COHEN, WILLIAM S. (1940– ), U.S. congressman, senator, secretary of defense, author. One of three children of a Russian-Jewish immigrant father and an Irish-Protestant mother, Cohen was born in Bangor, Maine, in 1940. As a youngster he came to an understanding with his father, Reuben Cohen, who ran a small local bakery: he would play basketball at the local ymca one Saturday morning a month, and attend Sabbath services at the local synagogue the other three.

Cohen remembers that during these early years in Bangor, he had "the worst of two worlds." As a Jew, the local bigots reviled him; as the child of mixed marriage, he was not fully accepted by the close-knit Bangor Jewish community. Cohen was told, shortly before his 13th birthday, that he could not become bar mitzvah without first submitting to a hatafat dam berit (symbolic circumcision) and his mother's completing conversion. Neither event took place; Cohen never became bar mitzvah. The trauma of his religiously bifurcated childhood led the adult Bill Cohen to affiliate with the Unitarian Universalist Church.

In 1958, Cohen entered Bowdoin College, where he excelled both in his major, Latin, and on the basketball court, where he was named to both the All-State and the New England Hall of Fame teams. Following his graduation in 1962, he entered Boston University Law School to study for his LL.B., which he received cum laude in 1965. While a student at BU, he was a member of the law review and served on its editorial board. His first year out of law school, he was employed as assistant editor-in-chief of the Journal of the American Trial Lawyers Association.

In 1971, he was elected mayor of Bangor.

In 1972, Cohen decided to run for the United States House of Representatives. Cohen came to national attention during his first term when, as a member of the House Judiciary Committee, he "resisted political pressure by voting to recommend the impeachment of President Richard Nixon for complicity in the Watergate cover-up." Crossing party lines, Cohen cast what turned out to be the deciding vote on a Democratic motion that informed President Nixon of his failure to comply with the committee's subpoena for White House documents and tapes. Cohen's mostly Republican constituency saw his impeachment vote as a matter of conscience; he was reelected in 1976 and again 1978, this time with 77 percent of the popular vote.

In 1978, Cohen was elected to the first of three terms in the United States Senate.

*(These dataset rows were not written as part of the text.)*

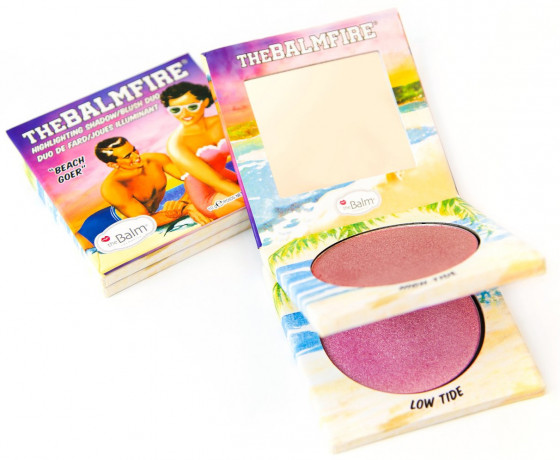 TheBalm Fire Beach Goer Highlighting Shadow/Blush Duo Beach goer - Хайлайтер-рум'яна для обличчя - 2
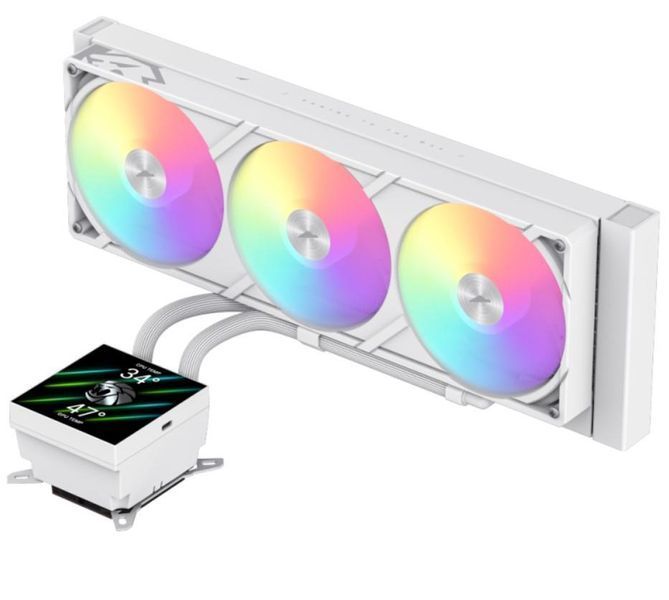 Система водяного охлаждения GAMEMAX 9503-0100R0058 (GLACIER 360 LCD WH) EL1451172 фото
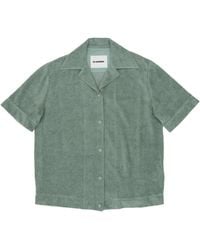 Jil Sander - Short Sleeved Buttoned Shirt - Lyst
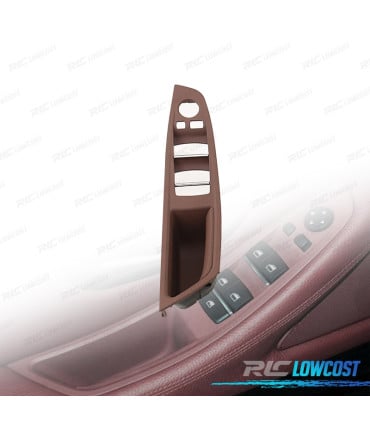 MOLDURA BOTONERA PANEL DE PUERTA PARA BMW SERIE 5 F10 F11 MARRON WINE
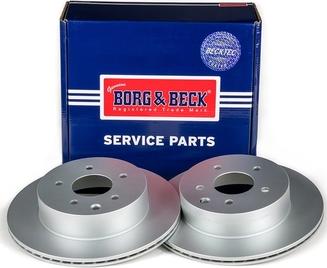 Borg & Beck BBD4368 - Brake Disc autospares.lv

During his 18 years in the upper chamber, Cohen became an acknowledged expert on military affairs. From his seat on the Armed Services Committee, Cohen led the fight for a stronger, more efficiently financed American military. In 1980, Cohen ran into trouble with the American Jewish political establishments when he cast a "reluctant vote" in favor President Reagan's proposed sale of five Airborne Warning and Control System (awacs) surveillance planes to Saudi Arabia. Heretofore a committed Zionist, his last-minute vote in favor of awacs was seen as a betrayal of the Jewish community which, in this instance, chose to see him as being "one of the family." During his years in the Senate, Cohen became well known for both his political moderation and independence of thought. As chair of the Senate Committee on Aging, Cohen played a pivotal role in the health care reform debates of the 1990s. As a committed environmentalist, he became the only Republican endorsed by the League of Conservation Voters.

In December 1996, President Bill Clinton, seeking to fulfill his wish for a bipartisan cabinet, nominated Cohen to become the nation's 20th secretary of defense. Easily confirmed by his former colleagues in the Senate, Cohen served as defense secretary throughout the remainder of the Clinton years (1997–2000).

Throughout his more than 30 years in public life, Cohen published nearly a dozen books. Among these are two volumes of poems (Of Sons and Seasons and A Baker's Nickel), three novels (The Double Man, Murder in the Senate, and One-Eyed Kings) and several works concerning government policy.

bibliography:

K.F. Stone, The Congressional Minyan: The Jews of Capitol Hill (2000), 63–64.